Away from the immediate guidance of their parents and the safe environment of the home, college students have to make new choices every day for themselves. The once regulated hours of school, family time and church give way to the rhythm of college life. Classes scheduled day and night. Sleep caught on the run. Long hours of social networking. Sports. In the transition, for some, church attendance becomes a book on the shelf waiting to be opened only before the final exam.
In the classroom, college students listen to some professors who find no meaning in religion. Materialism, atheism, agnosticism, relativism and secularism have seeped into the academe. Some professors are heirs of the Enlightenment. They find it difficult to reconcile reason and faith, science and religion. They subtly pass on this conflict to their students who then begin to question their own commitments, their own beliefs and practices. Not to appear less than intellectual, some students may make the choice to suspend their religious practice.
According to recent statistics published by The Pew Forum, 43.7% of students in their freshman year attend church frequently. But, by junior year, only 25.4% attend church frequently. Thus, there is a drop off rate of 18.3% in frequent attendance among college students between the first and third year of college.
Juniors who give up the external practice of church attendance report feeling more depressed than they did as freshmen. Not turning to a higher power outside of themselves on a regular basis as part of a worshipping community leaves them without a solid support to deal with the stresses that they face in the classroom, dormitories and places of entertainment. With marriage and children, many will return to regular church attendance. But what happens in those in-between years?
Those students who continue to attend church say that church is vital to their relationship with God. Most of the students whose church attendance diminishes still consider themselves spiritual. Why, then, do they no longer make the time in their lives for worshipping God with others? Why do a few go as far as abandoning their faith? How do our young people view religion and commitment to Church?

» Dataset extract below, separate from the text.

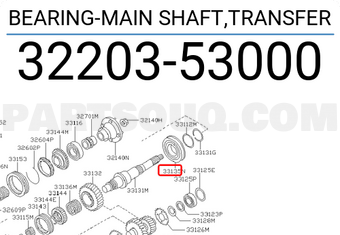 Nissan 3220353000 BEARING-MAIN SHAFT,TRANSFER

Higher education expands the intellectual horizons of students. But do the secularizing tendencies of higher education corrode their religious practice? Sixty four percent of students in a four-year college institution attend church less regularly. Yet, for their peers who do not go to college, the non-attendance at church is higher. Seventy six percent of these young people do not go to church regularly. Thus, professors antagonistic to religion seem to have very little success in dismantling the faith of their students. The cause for a drop-off in church attendance for college students lies elsewhere.